=== How to complete this task ===
Everything in the listing below should be repeated exactly, apart from the pictures.
══════
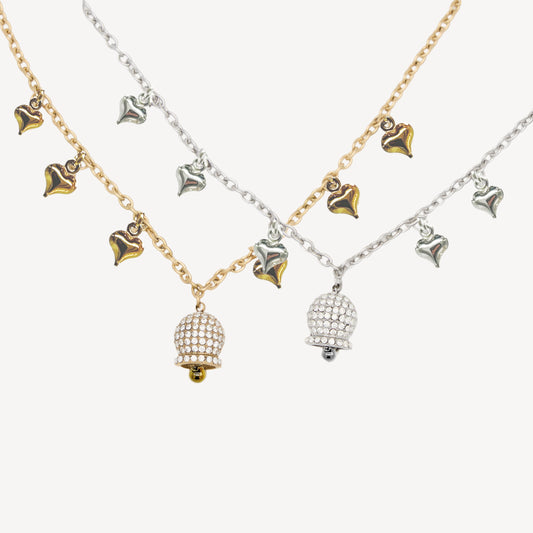Collana CAMPANELLA con Pendente Campana, Zirconi e Sonagli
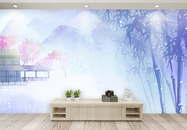 中国风唯美竹林背景墙图片
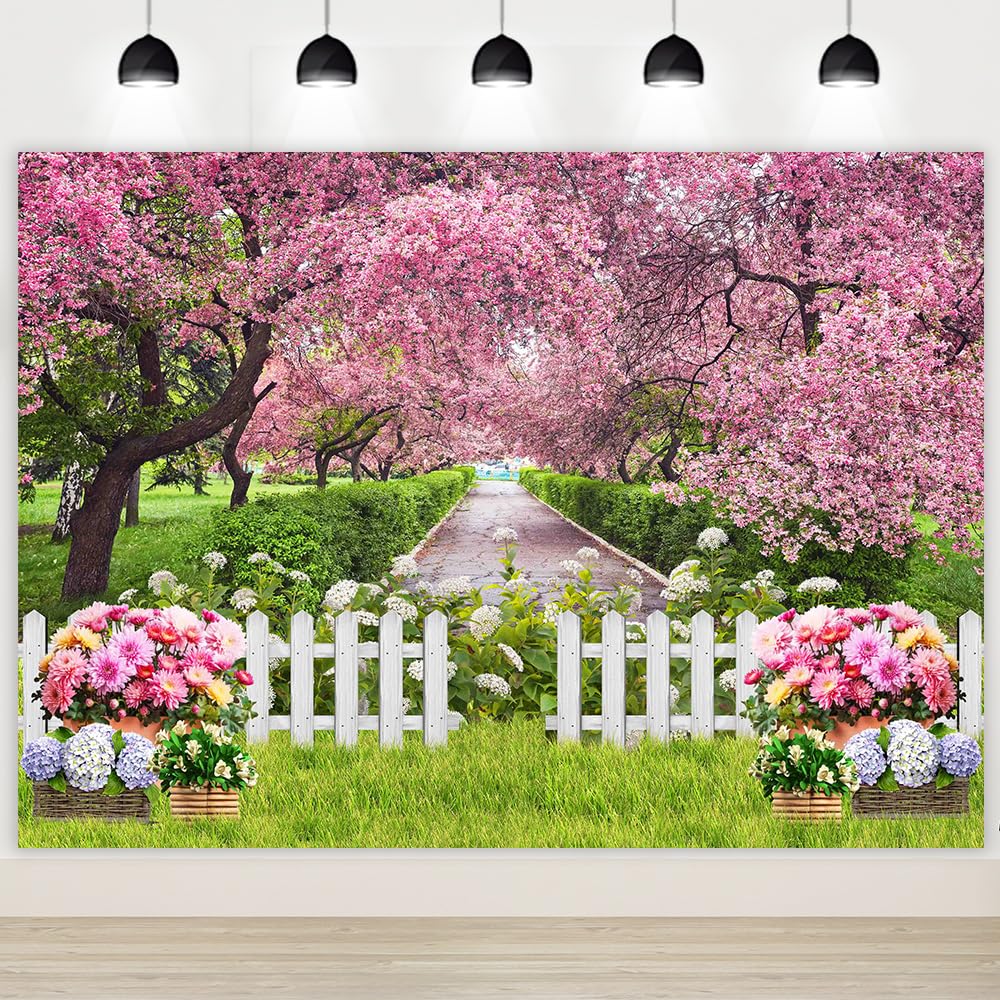 Spring Backdrops Garden Path Bushes Colorful Floral Park Natural Scenery Decorations Backdground KidsNewborn Photography Banner 7x5Ft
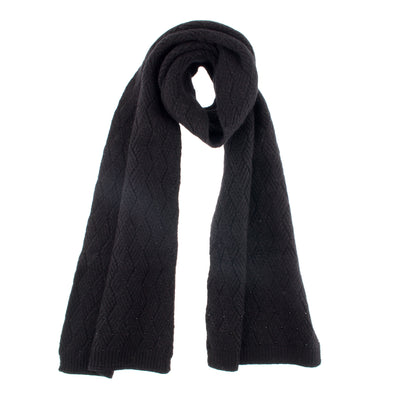 Women S Lambswool Blend Knitted Scarf With Beaded Ends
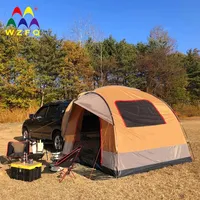 Wzfq barraca de acampamento, engrenagem ao ar livre portátil e dobrável, copa traseira de portão traseiro, suv e van, tenda de toldo para acampamento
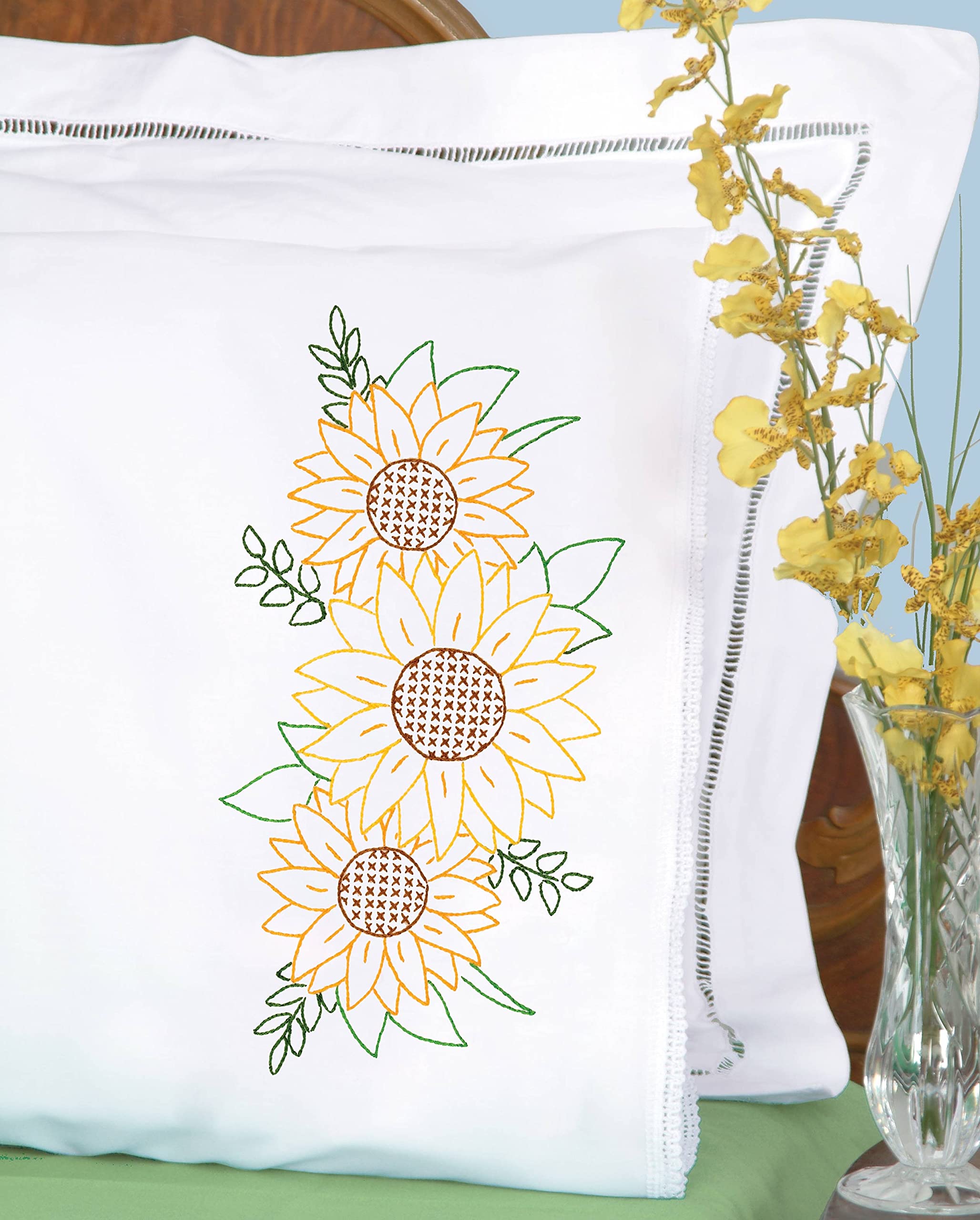 Jack Dempsey Lace Edge Pillowcase - Sunflower White for Bedroom Decor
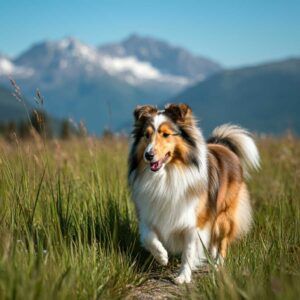 Perro Sheltie caminando por un sendero en la montaña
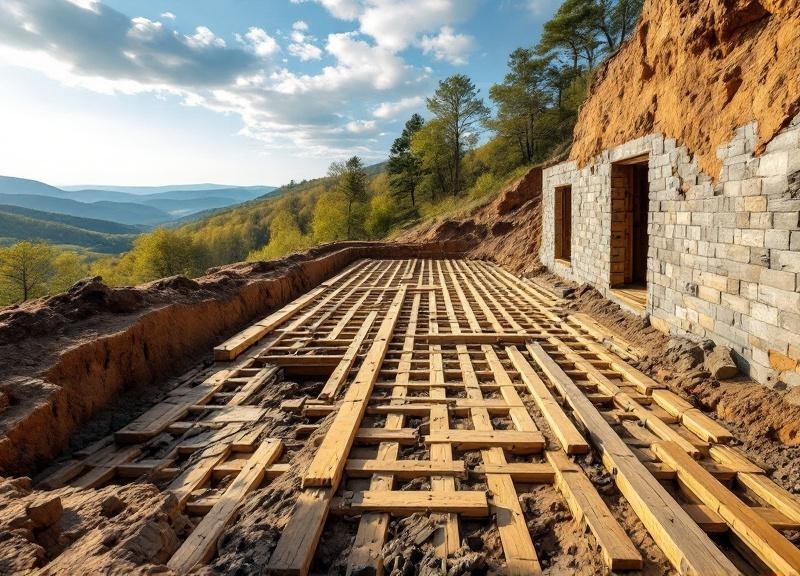 Mountainside home construction with stone walls and timber framework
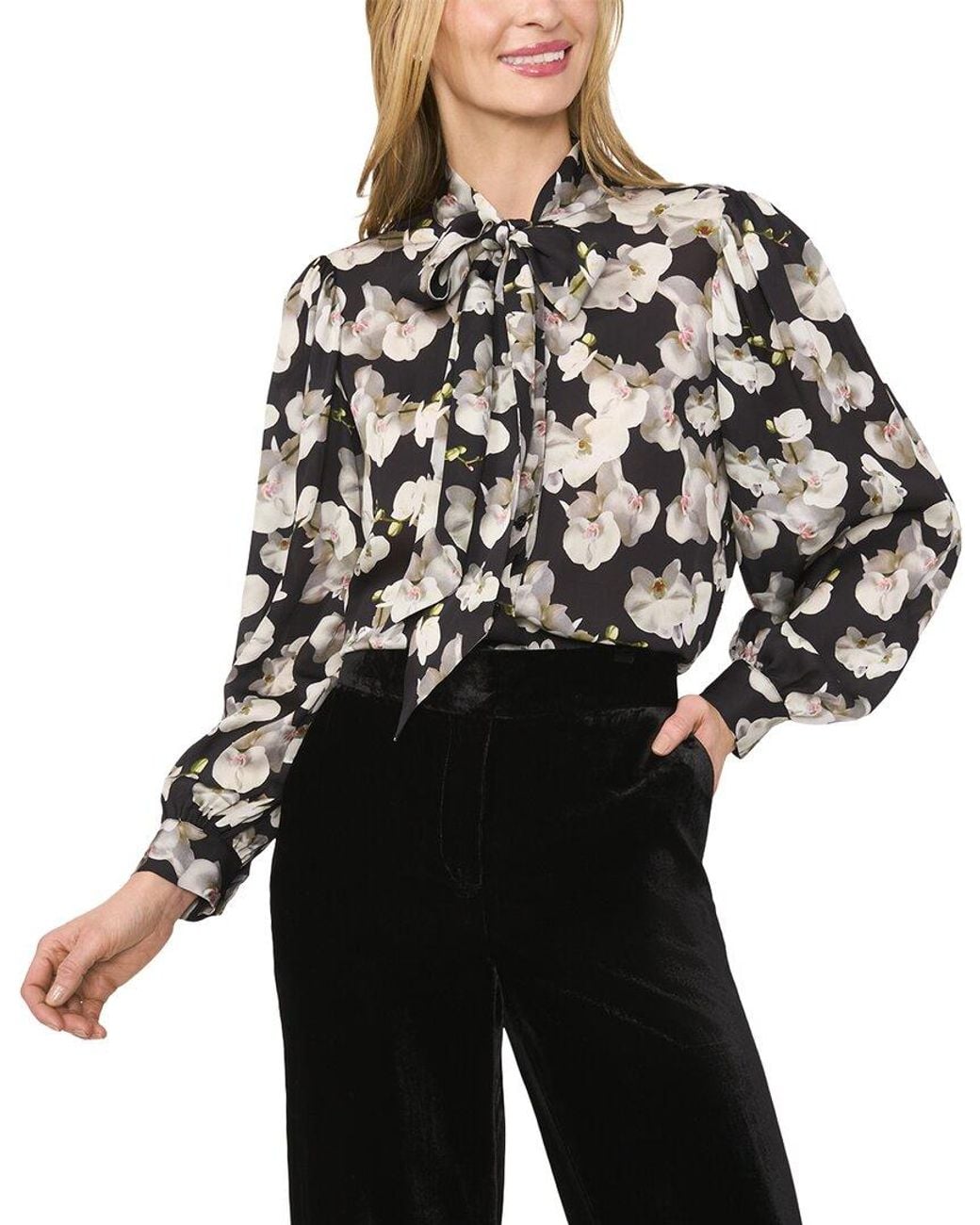 Ted Baker Black Neck Tie Button Down Blouse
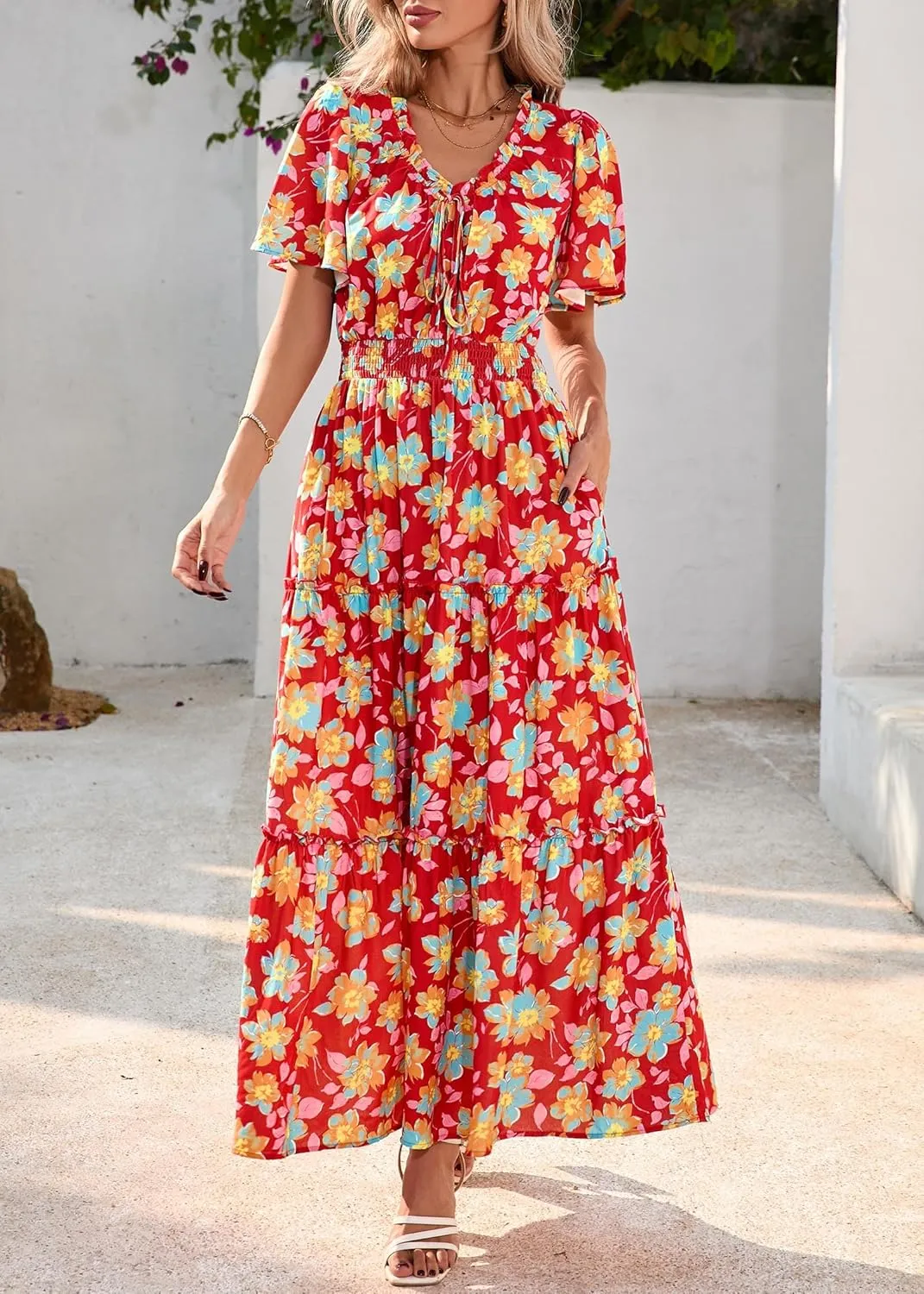 KIRUNDO Womens Summer Boho Floral Maxi Dress Flutter Short Sleeve V Neck Ruffle Tiered Flowy Beach Wedding Guest Dresses
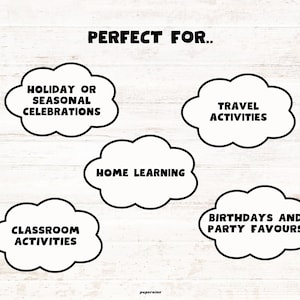 Pu&ograve; includere: Una grafica bianca con il testo PERFECT FOR.. sopra cinque nuvole con contorno nero contenenti il testo: HOLIDAY OR SEASONAL CELEBRATIONS, TRAVEL ACTIVITIES, HOME LEARNING, CLASSROOM ACTIVITIES e BIRTHDAYS AND PARTY FAVOURS, con papernine in basso.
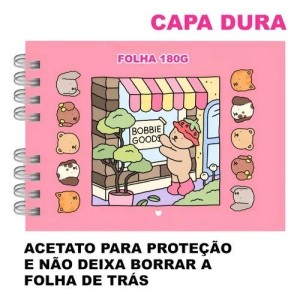 Caderno de Colorir Bobbie Goods 180g com 50 Folhas A5 Horizontal Capa Dura Holográfico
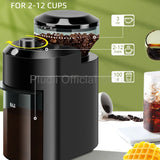 Stainless Steel Auto Burr Coffee Grinder 2-12 Cup Adjustable Detachable 500RPM Electric Bean Mill Home Barista Coffee Lover Use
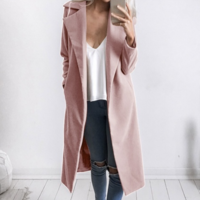 Solid Color Women'S Long Sleeve Coat - Thumbnail 1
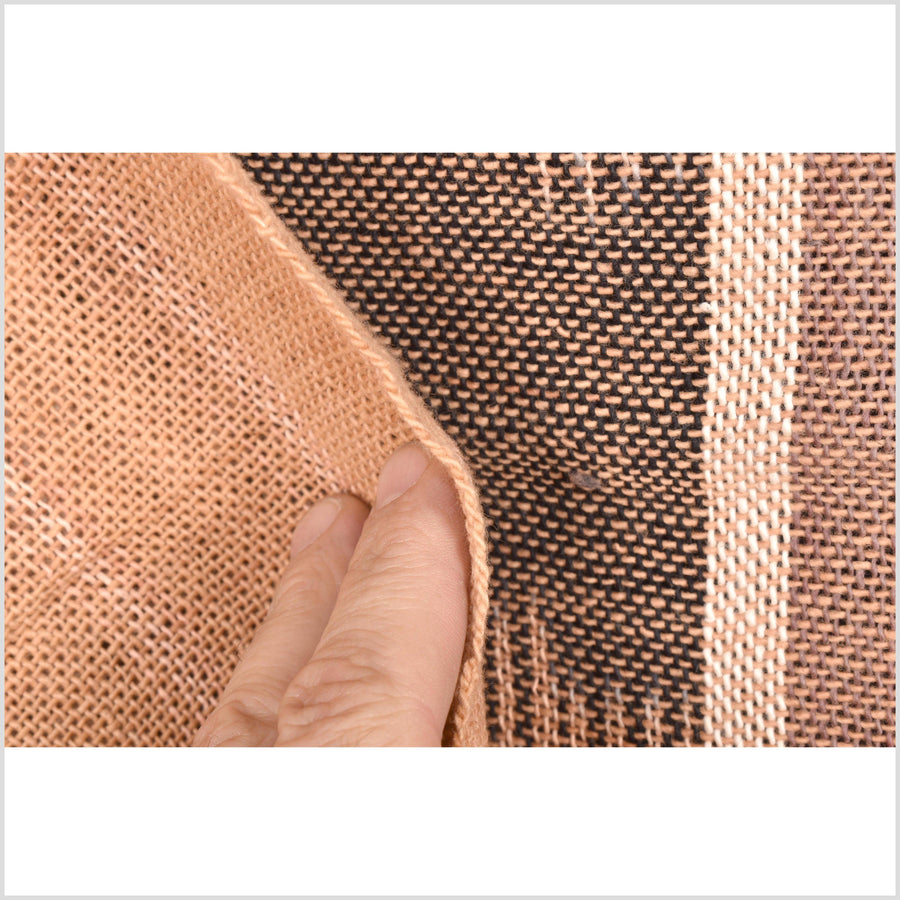 Rose gold, blush brown, dark brown, white, thick yarn, loose weave, handwoven cotton fabric PHA146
══════
=== Answer space ===
Collana CAMPANELLA con Pendente Campana, Zirconi e Sonagli
 中国风唯美竹林背景墙图片
 Spring Backdrops Garden Path Bushes Colorful Floral Park Natural Scenery Decorations Backdground KidsNewborn Photography Banner 7x5Ft
 Women S Lambswool Blend Knitted Scarf With Beaded Ends
 Wzfq barraca de acampamento, engrenagem ao ar livre portátil e dobrável, copa traseira de portão traseiro, suv e van, tenda de toldo para acampamento
 Jack Dempsey Lace Edge Pillowcase - Sunflower White for Bedroom Decor
 Perro Sheltie caminando por un sendero en la montaña
 Mountainside home construction with stone walls and timber framework
 Ted Baker Black Neck Tie Button Down Blouse
 KIRUNDO Womens Summer Boho Floral Maxi Dress Flutter Short Sleeve V Neck Ruffle Tiered Flowy Beach Wedding Guest Dresses
 Pu&ograve; includere: Una grafica bianca con il testo PERFECT FOR.. sopra cinque nuvole con contorno nero contenenti il testo: HOLIDAY OR SEASONAL CELEBRATIONS, TRAVEL ACTIVITIES, HOME LEARNING, CLASSROOM ACTIVITIES e BIRTHDAYS AND PARTY FAVOURS, con papernine in basso.
 Caderno de Colorir Bobbie Goods 180g com 50 Folhas A5 Horizontal Capa Dura Holográfico
 Stainless Steel Auto Burr Coffee Grinder 2-12 Cup Adjustable Detachable 500RPM Electric Bean Mill Home Barista Coffee Lover Use
 Solid Color Women'S Long Sleeve Coat - Thumbnail 1
 Rose gold, blush brown, dark brown, white, thick yarn, loose weave, handwoven cotton fabric PHA146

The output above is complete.